Avec ses mesures fortes, l’Europe se pénalise également, car c’est l’un des partenaires commerciaux principaux de la Russie. Le pays a surtout besoin d’un changement politique, car le véritable problème, il vient du leader.

Ces sanctions sont fortes, mais depuis 2014 le gouvernement a construit sa sécurité économique, de façon méticuleuse. Si les sanctions vont affaiblir la Russie, il faut savoir qu’elle est prête à y faire face.

J’ai vécu un conflit, j’ai connu trois pays qui connaissent la guerre : l’Ukraine, la Géorgie et la Russie. Et pourtant, j’ai l’impression que l’histoire ne nous apprend rien. Pour éviter ce conflit, il fallait se questionner dès l’annexion de la Crimée en 2014.

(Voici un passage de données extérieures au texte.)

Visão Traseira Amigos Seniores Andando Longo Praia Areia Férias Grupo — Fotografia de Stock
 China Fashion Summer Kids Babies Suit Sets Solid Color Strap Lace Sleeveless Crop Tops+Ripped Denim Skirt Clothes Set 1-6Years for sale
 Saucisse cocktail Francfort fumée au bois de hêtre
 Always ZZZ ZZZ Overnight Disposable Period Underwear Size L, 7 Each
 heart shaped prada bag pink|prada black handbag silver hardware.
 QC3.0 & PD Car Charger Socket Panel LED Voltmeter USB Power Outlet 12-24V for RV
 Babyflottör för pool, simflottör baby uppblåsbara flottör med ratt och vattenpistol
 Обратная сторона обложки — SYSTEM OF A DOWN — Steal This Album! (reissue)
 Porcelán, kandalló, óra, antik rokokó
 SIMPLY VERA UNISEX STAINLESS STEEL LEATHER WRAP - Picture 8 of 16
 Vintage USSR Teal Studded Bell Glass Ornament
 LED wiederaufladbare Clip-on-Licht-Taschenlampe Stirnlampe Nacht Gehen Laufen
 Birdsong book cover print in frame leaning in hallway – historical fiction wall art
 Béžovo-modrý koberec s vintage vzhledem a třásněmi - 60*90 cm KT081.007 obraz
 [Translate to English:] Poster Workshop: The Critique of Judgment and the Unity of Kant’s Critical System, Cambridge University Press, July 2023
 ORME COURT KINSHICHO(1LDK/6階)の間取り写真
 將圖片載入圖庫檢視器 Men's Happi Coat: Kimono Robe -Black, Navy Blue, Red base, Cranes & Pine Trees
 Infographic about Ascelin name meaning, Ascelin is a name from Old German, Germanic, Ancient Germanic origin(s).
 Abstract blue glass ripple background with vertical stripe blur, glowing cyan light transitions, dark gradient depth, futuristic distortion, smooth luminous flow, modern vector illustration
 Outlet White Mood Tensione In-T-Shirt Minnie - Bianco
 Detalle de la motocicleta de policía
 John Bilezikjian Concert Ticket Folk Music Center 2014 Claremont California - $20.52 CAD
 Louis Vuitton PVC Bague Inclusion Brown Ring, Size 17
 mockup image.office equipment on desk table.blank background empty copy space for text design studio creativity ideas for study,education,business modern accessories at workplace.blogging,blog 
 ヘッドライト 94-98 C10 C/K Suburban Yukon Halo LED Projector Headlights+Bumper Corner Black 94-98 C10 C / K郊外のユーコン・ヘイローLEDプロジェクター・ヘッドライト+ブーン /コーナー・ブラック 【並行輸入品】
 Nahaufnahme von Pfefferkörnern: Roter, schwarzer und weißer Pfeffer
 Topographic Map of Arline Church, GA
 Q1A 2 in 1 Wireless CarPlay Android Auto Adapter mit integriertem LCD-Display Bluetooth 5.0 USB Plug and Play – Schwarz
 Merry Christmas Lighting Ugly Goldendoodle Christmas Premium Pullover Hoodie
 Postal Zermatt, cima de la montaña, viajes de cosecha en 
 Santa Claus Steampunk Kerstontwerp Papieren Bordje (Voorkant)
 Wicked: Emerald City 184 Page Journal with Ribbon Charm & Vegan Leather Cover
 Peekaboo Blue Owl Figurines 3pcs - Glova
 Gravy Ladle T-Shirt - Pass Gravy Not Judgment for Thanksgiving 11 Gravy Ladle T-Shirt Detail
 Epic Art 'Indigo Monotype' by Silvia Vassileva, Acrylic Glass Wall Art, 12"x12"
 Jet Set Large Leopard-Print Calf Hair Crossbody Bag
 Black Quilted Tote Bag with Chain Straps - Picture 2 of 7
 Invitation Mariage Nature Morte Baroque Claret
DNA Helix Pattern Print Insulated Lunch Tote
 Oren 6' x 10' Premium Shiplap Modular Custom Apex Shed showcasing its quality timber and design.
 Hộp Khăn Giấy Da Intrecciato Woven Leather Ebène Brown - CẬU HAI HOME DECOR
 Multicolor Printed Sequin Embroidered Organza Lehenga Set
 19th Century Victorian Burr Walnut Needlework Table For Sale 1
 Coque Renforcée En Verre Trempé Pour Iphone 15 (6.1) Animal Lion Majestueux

Selon vous, que ressentent les étudiants russes en échange, et la population russe en général ?

« Qui dois-je condamner ? »

Pour les étudiants russes c’est dur, car ils se retrouvent isolés, loin de leur famille, de leur pays. La population russe se sent maitrisée par le régime, car il y a peu de liberté : un opposant actif au régime risque jusqu’à 15 ans de prison ! Pour eux, c’est un conflit fratricide : j’ai moi-même de la famille dans les deux pays : qui dois-je condamner ?

La population russe ne souhaite pas la guerre.

Le risque est que la stigmatisation des Russes par le reste du monde pousse la population vers le nationalisme et le renfermement : c’est très dangereux. Il y a un renforcement du sentiment d’incompréhension des Russes vis-à-vis de l’Occident. Encore une fois, les sanctions ne changent pas les croyances politiques.

Avec les sanctions, nous ne prenons pas le cœur du conflit. Nous n’apportons pas la solution mais le désespoir, dans un pays qui a déjà de nombreuses fractures : à quoi cela peut nous amener ?

Merci beaucoup d’avoir bien voulu répondre à nos questions sur la mobilité étudiante et d’avoir partagé avec nos lecteurs votre analyse de la situation géopolitique autour du conflit en Ukraine.